• **Task item**
Restate each of the lines below word for word and drop every picture.
+++ Data shown
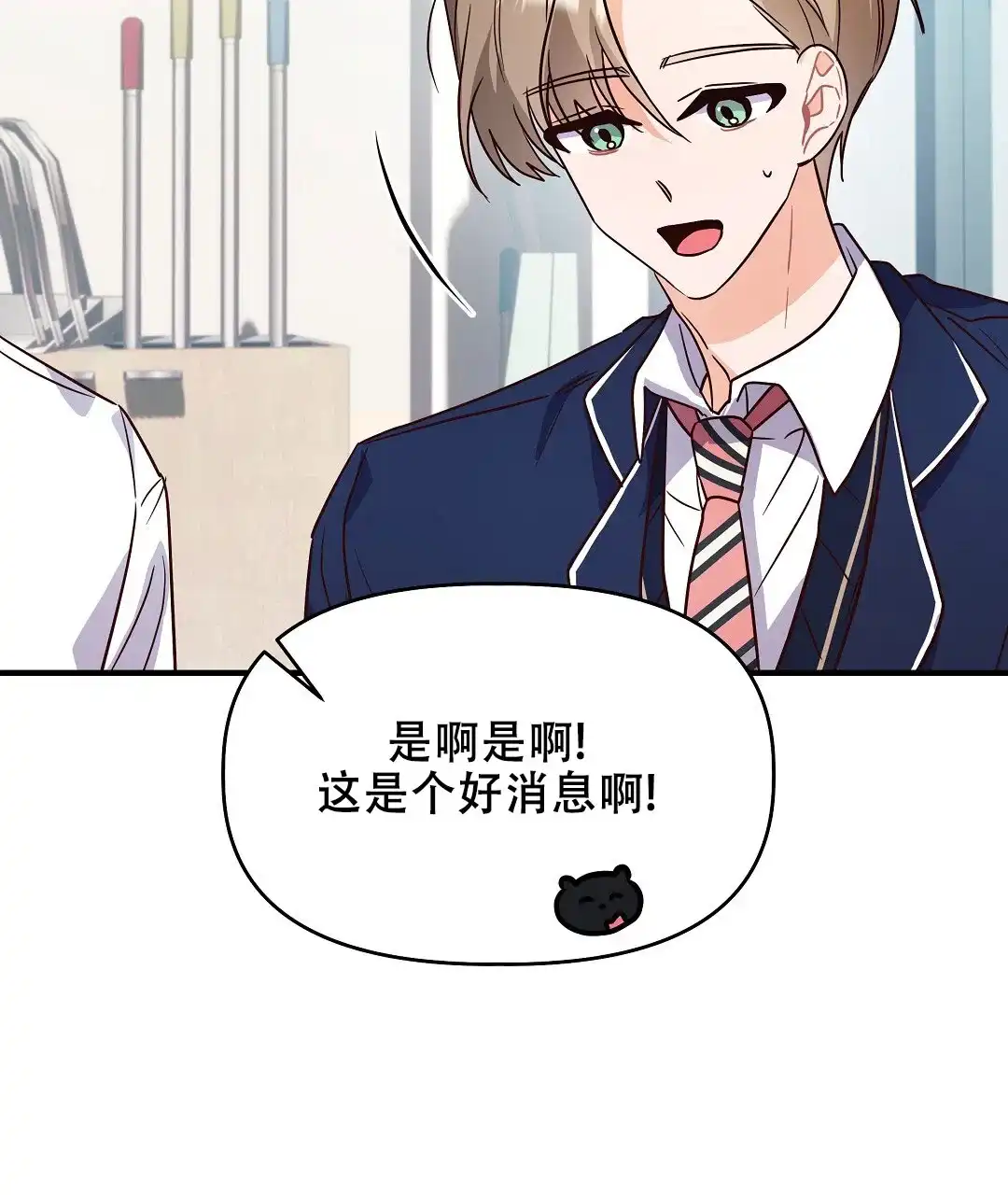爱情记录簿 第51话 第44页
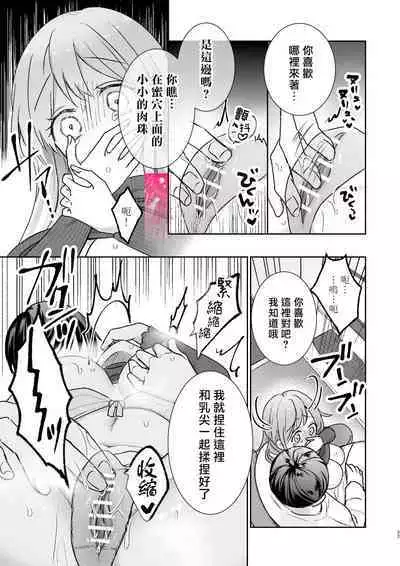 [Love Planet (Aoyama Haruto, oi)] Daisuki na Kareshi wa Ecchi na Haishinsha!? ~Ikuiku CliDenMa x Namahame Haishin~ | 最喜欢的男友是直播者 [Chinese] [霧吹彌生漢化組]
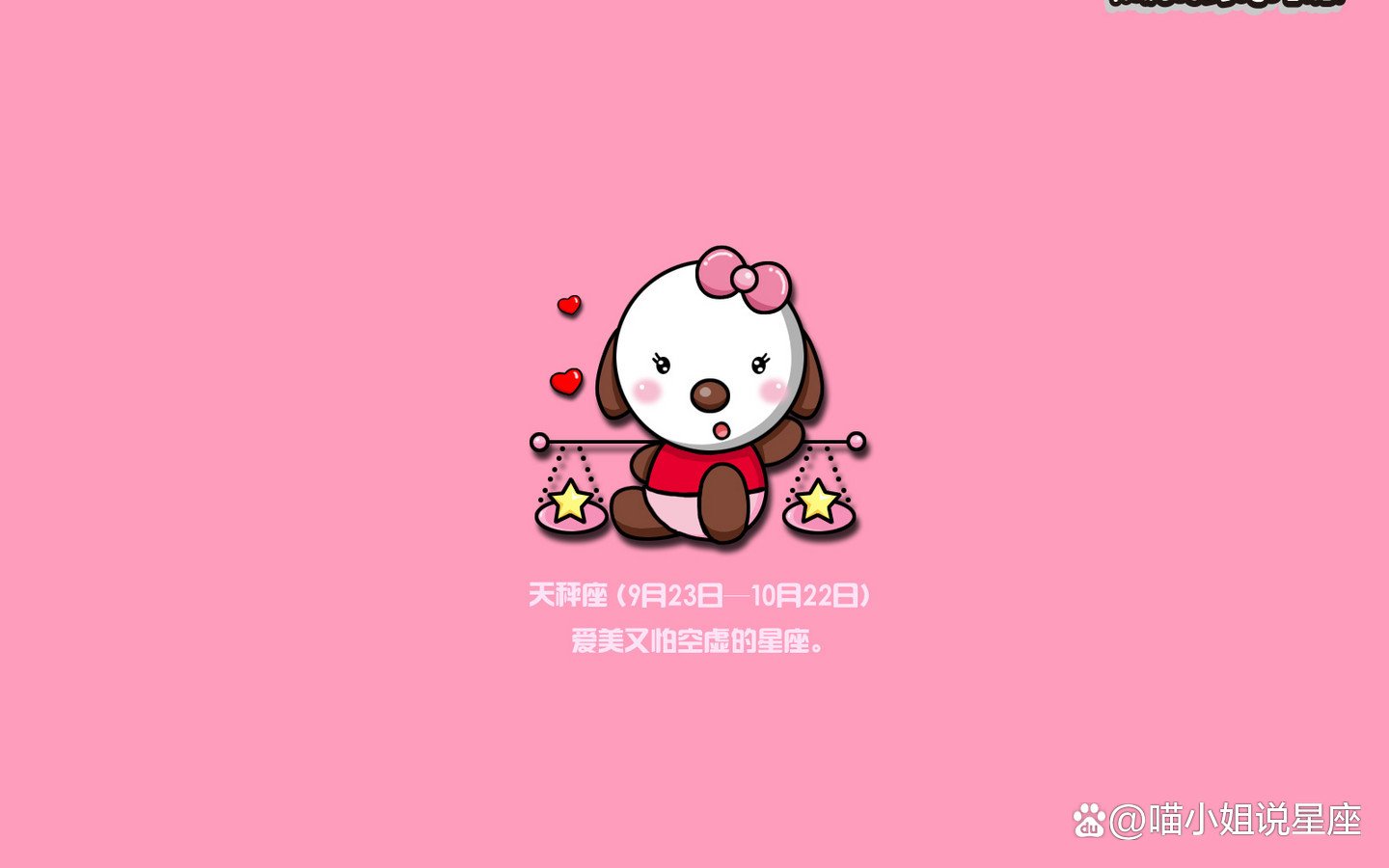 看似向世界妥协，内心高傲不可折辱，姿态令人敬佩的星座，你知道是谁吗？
++++++
• **Written answer**
爱情记录簿 第51话 第44页
 [Love Planet (Aoyama Haruto, oi)] Daisuki na Kareshi wa Ecchi na Haishinsha!? ~Ikuiku CliDenMa x Namahame Haishin~ | 最喜欢的男友是直播者 [Chinese] [霧吹彌生漢化組]
 看似向世界妥协，内心高傲不可折辱，姿态令人敬佩的星座，你知道是谁吗？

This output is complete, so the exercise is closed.